Pour Chloé aussi, l’attente a été longue. C’est après 17 mois qu’elle a reçu un appel et qu’elle a pu trouver une place pour sa fille. Cependant, quelques mois après, la jeune maman étudiante à HEC a changé de quartier, un changement qui lui a fait peur notamment pour retrouver une place pour sa fille Zoé. « J’étais désespérée. Je me disais que si c’était aussi long que la première fois que je l’ai inscrite, j’allais me retrouver bloquée, je n’aurai plus pu travailler », raconte la mère monoparentale. Finalement, en moins de trois semaines, le tour était joué. « J’ai trouvé parce que j’ai favorisé les services de garde familiaux », conclut-elle.
De grandes disparités
Au-delà du manque de place, il y a aussi les prix qui varient considérablement. Il faut compter 8.5$ par journée pour une garderie subventionnée alors que les établissements non subventionnés peuvent monter jusqu’à 60$ par jour pour la garde d’un enfant. « La différence est parfois énorme entre deux garderies. Il faut vraiment avoir les moyens, et bien faire ses calculs. Quelqu’un au salaire minimum, c’est juste impossible » raconte Céline. Une partie du coût de la garderie est pris en charge par le gouvernement, selon les revenus du foyer. Malgré cela, les dépenses restent importantes.

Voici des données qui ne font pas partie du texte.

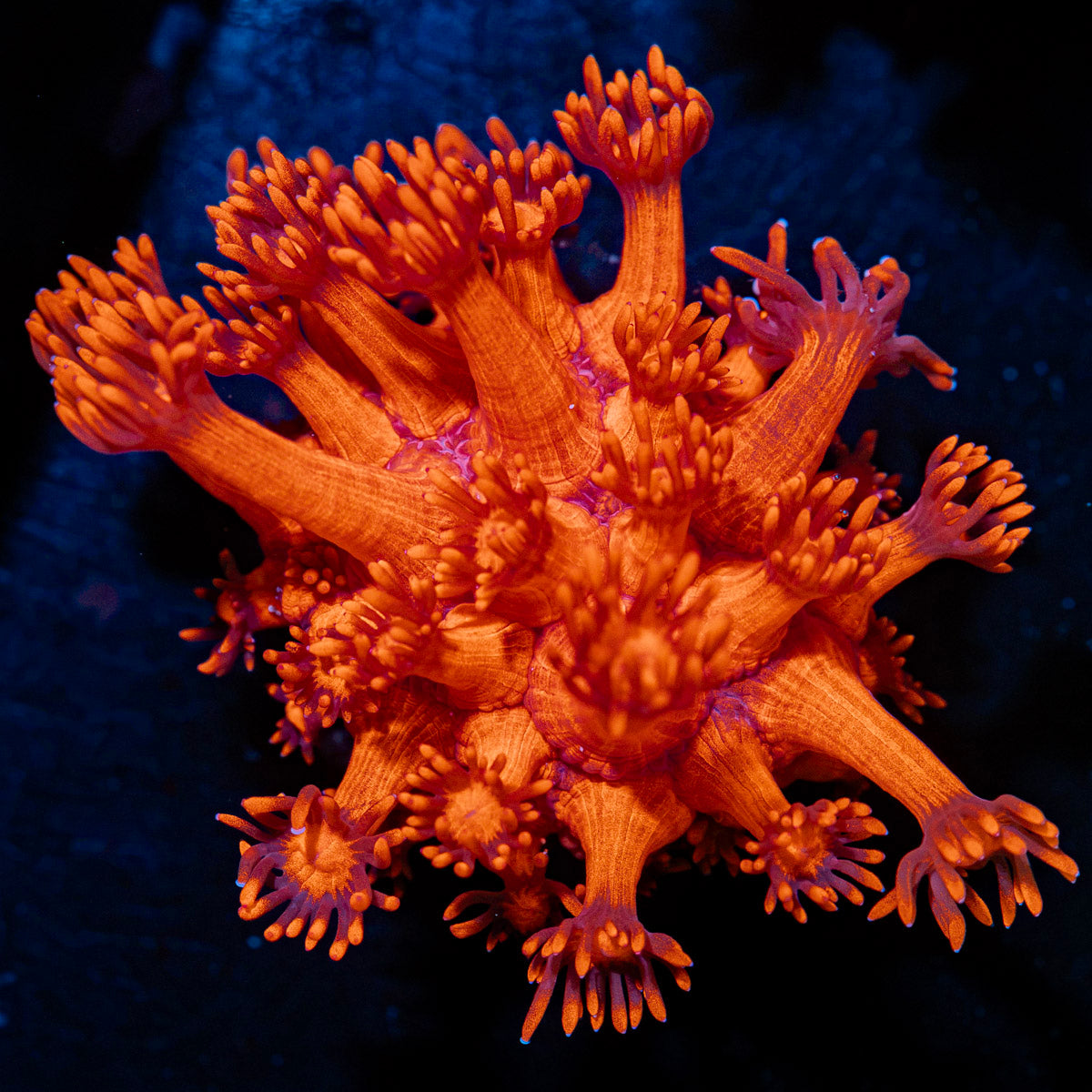 Arctic Blast Goniopora with flower-like polyps in reef aquarium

Les différentes structures n’offrent pas non plus les mêmes avantages. « Certaines offrent les menus et les collations alors que d’autres n’incluent rien du tout », raconte Chloé. Même constat du côté de Céline qui hésite encore aujourd’hui entre deux garderies non subventionnées. « Parfois, ça coûte moins cher, mais au final, s’il faut préparer les repas chaque soir, fournir les collations, etc.. Ça vaut peut-être moins la peine », ajoute-t-elle. Les parents ont eu aussi leurs propres critères qui parfois réduisent les choix : nourriture biologique, garderie bilingue, nombre d’enfants par établissement, éloignement par rapport au domicile… « on veut le meilleur pour nos enfants, appuie Chloé, et c’est normal ».
Quelles solutions ?
Ces longues attentes et disparités s’expliquent notamment par un manque de main-d’œuvre important depuis plusieurs années. Un sujet qui attriste les éducatrices elles-mêmes comme en témoignent Natacha, Indra, Julie et Mylène. « Il faudrait que notre domaine soit beaucoup plus valorisé et qu’on nous donne des meilleures conditions de travail ! » s’accordent-elles.
Payées entre 16 et 25$ de l’heure, ces professionnelles de la petite enfance doivent chacune s’occuper de 10 enfants quand ceux-ci sont âgés de 4 à 5 ans. « C’est un métier essentiel, très exigeant et considéré comme du travail “invisible” dans nos sociétés. Il faudrait un salaire bien plus conséquent », constate Chloé. Elle pense aussi que les milieux de travail devraient de plus en plus développer leur propre système de garde. « Ce serait beaucoup plus simple, ça permettrait de centraliser les déplacements et même de manger avec son enfant le midi », conclut-elle.
Un mouvement citoyen « Ma place au travail » a envoyé à la fin du mois de mars une lettre à plusieurs députés provinciaux. Les parents impliqués déplorent les mesures insuffisantes dans le dernier budget. Ils proposent aussi plusieurs pistes de solution.
En début de semaine, le gouvernement fédéral devrait profiter de l’annonce du budget pour évoquer les services de garde. Le comité des finances des Communes avait recommandé 2 milliards de dollars pour commencer.